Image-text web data
Segment Open

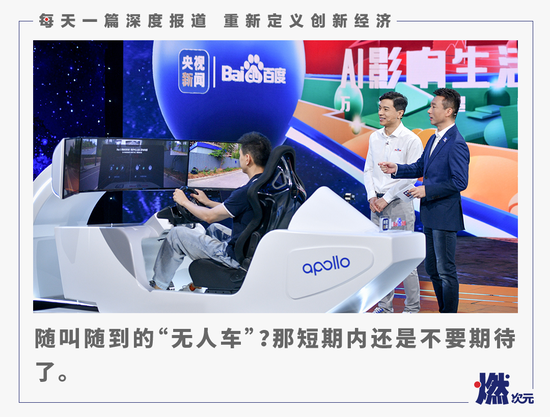 自动驾驶拉得动百度吗？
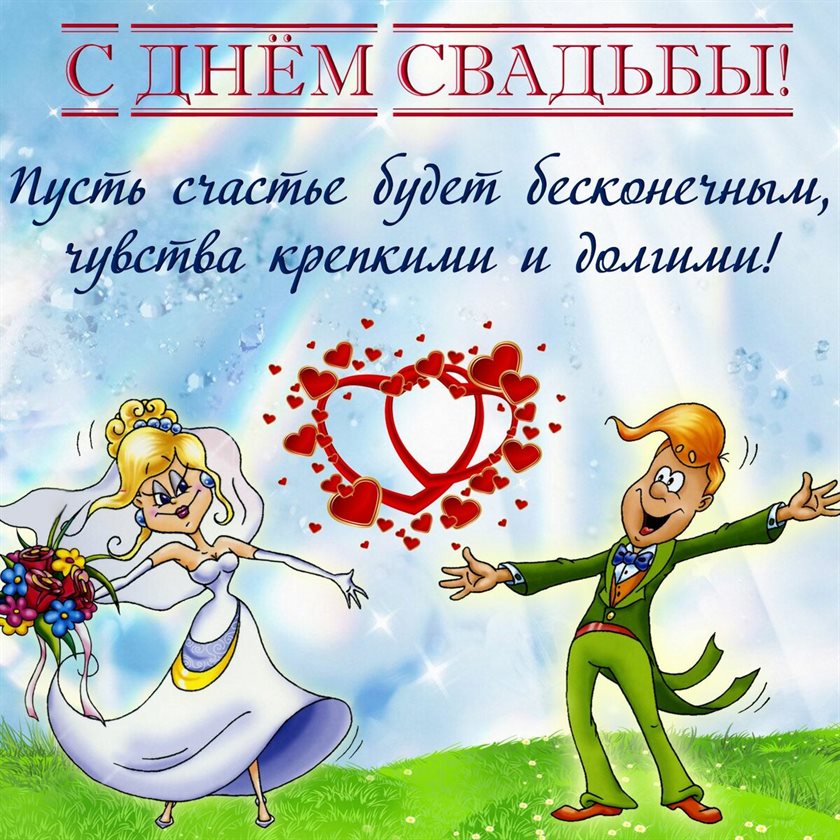 От всей души и сердца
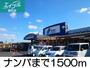 その他　ナンバ（その他）まで1500m
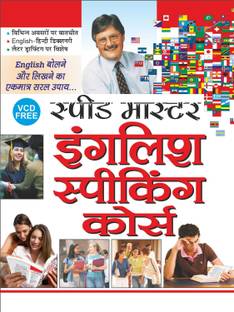 Speed Master English Speaking Course (VCD FREE) (Hindi Edition)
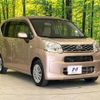 daihatsu move 2015 -DAIHATSU--Move DBA-LA150S--LA150S-0068721---DAIHATSU--Move DBA-LA150S--LA150S-0068721- image 17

Segment Closed

[Exercise aim]
Keep every word of the records and none of the pictures when you print them again.

[Final answer]
 自动驾驶拉得动百度吗？
 От всей души и сердца
 その他　ナンバ（その他）まで1500m
 Speed Master English Speaking Course (VCD FREE) (Hindi Edition)
 daihatsu move 2015 -DAIHATSU--Move DBA-LA150S--LA150S-0068721---DAIHATSU--Move DBA-LA150S--LA150S-0068721- image 17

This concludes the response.